Currently, a commercial television broadcaster cannot have an audience reach of more than 75 per cent of the Australian population.
Mary Still, a partner at Clayton Utz who specialises in litigation relating to infringement of trademark and copyright, agreed that the law would need to catch up with the way people are viewing content online, which will be enhanced with the introduction of the NBN.
"At the moment, the Broadcasting Services Act only deals with free-to-air television and subscripted television and the national broadcaster and merely ignores the internet and ignores the contribution the internet makes in the way we live our lives and the way we make use of it.
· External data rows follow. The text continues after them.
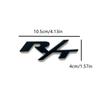 3D Metal Red Black Logo RT R/T Sticker Front Grille Emblem Car Rear Trunk Badge For Sport Label Accessories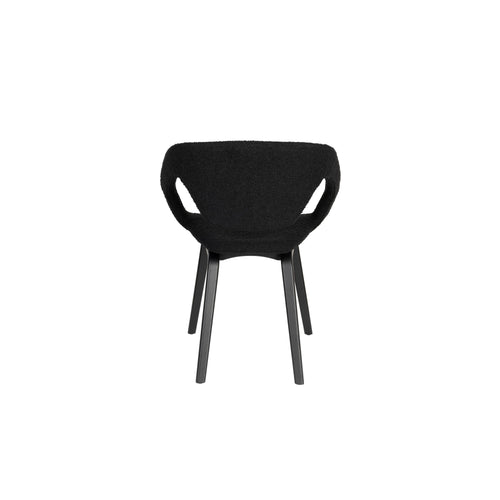 Zuiver Flexback Eetkamerstoelen Armleuning Zwart - Set van 2
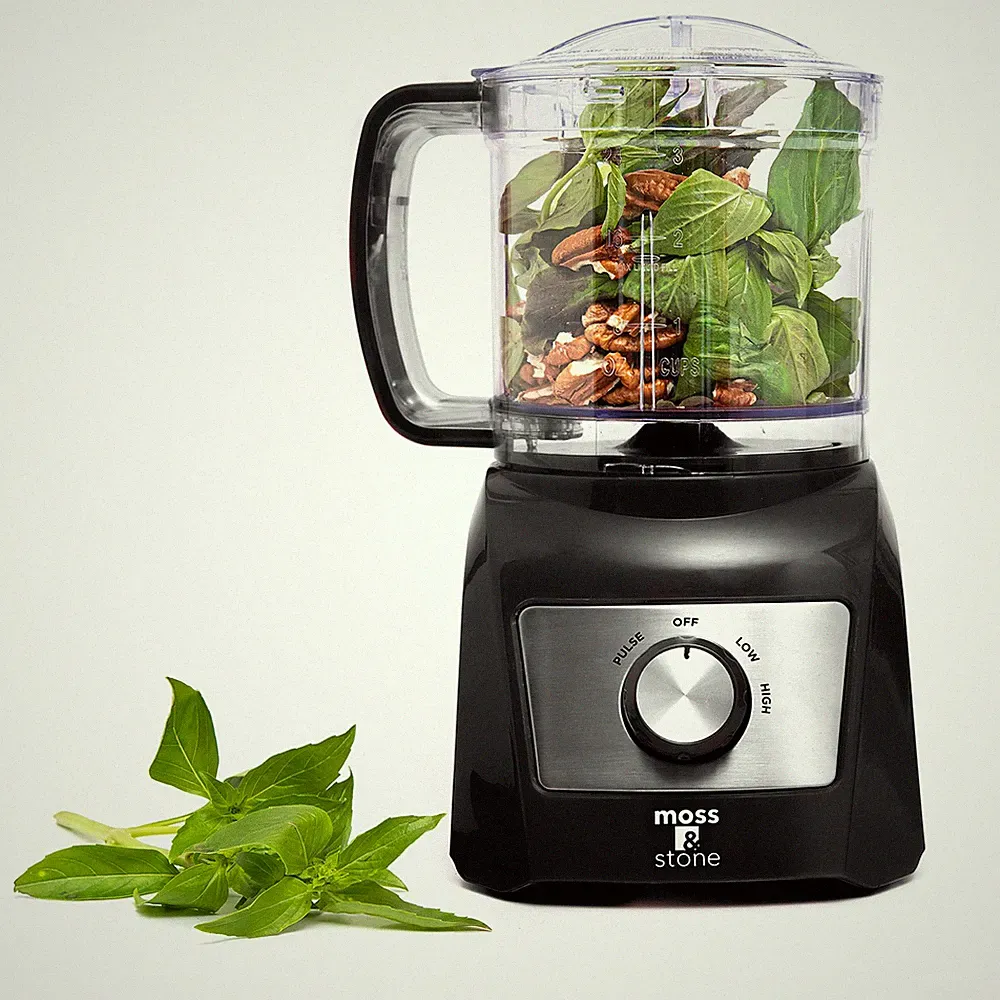 3 Cup Mini Food Processor Strong Vegetable Chopper for Dicing Chopping Mincin...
I think that is going to have to change," she said.
Khai Dang, a partner at Blake Dawson who works on the content and regulatory side of telecommunications and broadcasting, added that media organisations were still struggling to find successful business models for the internet.
"While there are some wildly successful companies out there - such as Google who actually reported a profit in the last quarter - there are many organisations who are still posting content for free, basically, or generally at some sort of a loss and the struggle for them is how to recoup the cost of that and create a new business model for online content," he said.
"They have to compete with content that people post through social networking sites - such as the Kevin and Jill's wedding video and that is now rating through the internet at this moment - and that's a homemade video of someone's wedding and ... it's attracting eyeballs."
Sophie Dawson, also a partner at Blake Dawson who specalises in defamation and copyright litigation, said that the question of whether a cause of action exists for privacy and in what circumstances is also a big issue facing the courts and regulators.
"That affects two categories of people, firstly, the traditional media and, secondly, all of us with our Facebook sites. We're putting up photos of friends and doing other things which potentially contain their private information," she said.
"There is mixed case law about whether there is a cause of action for breach of privacy in Australia - it could be a common law or equitable cause of action and the ALRC [Australian Law Reform Commission] has recommended that there be a statutory cause of action."